Je tremblais de jalousie. Je m’étais aussi promise de ne plus mettre les pieds dans sa voiture en quittant ces mêmes endroits. Il n’avait qu’à désormais partir avec elle.... Mouais, je savais que j’avais été fâchée contre lui, mais je ne me rappelais plus pourquoi!! Donc, il fallait bien que je trouve une raison pour justifier pourquoi je n’avais pas voulu le voir, ni lui parler! En général, ça me rend injuste et je tatillonne dans tous les sens pour trouver une bonne raison pour justifier mon humeur, puisque je ne me rappelle plus de la vrai raison. Hum, mes ex en savent quelque chose, mais ils n’ont jamais deviné pourquoi j’étais aussi chiante.
- Pascal, je n’apprécie pas du tout, mais alors pas du tout. Tu m’as dit que vous étiez qu’amis alors, je trouve que c’est un peu exagéré; tu la vois toute la semaine au BOULOT et je dois me la FARCIR encore le week-end? Ça m’énerve trop.
Il s’excusait mais ça me faisait une belle jambe!!! J’étais déjà énervée alors, Pascal s’est dit qu’étant donné la situation, un peu plus ou un peu moins ne changerait pas grand chose, alors il m’a rappelé que le 15 novembre, c’était son anniversaire de mariage. Pour l’occasion, ses parents avaient organisé, avec eux, une petite semaine de vacances sur une île paradisiaque. Wowhhh, ça... c’était... DUR!

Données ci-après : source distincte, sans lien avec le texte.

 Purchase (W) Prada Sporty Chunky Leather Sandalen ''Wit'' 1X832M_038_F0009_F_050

Dire que leur séparation temporaire devait prendre fin à cette date là aussi, et que j’avais passé le plus clair de mon temps à me fâcher contre lui. Pas génial. Ouais! La coupe était pleine non?
- Si je t’avais parlé de tout ça ce week-end...... Dis quelque chose?

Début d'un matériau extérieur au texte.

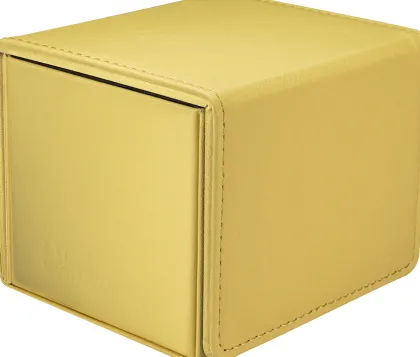 Ultra Pro - Vivid Alcove Edge Deckbox: Yellow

Bah, je ne trouvais rien à dire. Fallait le reconnaître, à la place de Caroline, j’en aurais faut autant. Pour l’anniversaire de mariage, je n’avais rien à dire non plus. Je ne pouvais rien y faire. Je me suis murée dans le silence et Pascal ne savait pas sur quel pieds danser.
Ciel, j’avais un de ces mal de tête, de quoi faire exploser la planète. Affff, j’avais envie de rentrer et me coucher tout de suite. Peut-être que j’irai mieux après? J’étais fatiguée, le dîner en tête à tête avait été un fiasco.
Pascal a essayé de me prendre la main, mais son contact me brûlait. Je voulais juste rentrer. Est-ce que je ne devrais pas en profiter pour lui poser les questions qui me préoccupaient?
Durant tout le trajet jusque chez moi, je n’ai pas pipé le mot. Il avait encore essayé de me prendre la main, mais c’était pas la peine. Même si je le laissais me toucher, je m’empressais de retirer ma main en faisant semblant de chercher quelque chose ou pour m’allumer une cigarette. Je gardais mes distances, j’avais besoin de réfléchir un peu, il fallait que je décide ce que je voulais et ce que j’allais faire pour ça!!!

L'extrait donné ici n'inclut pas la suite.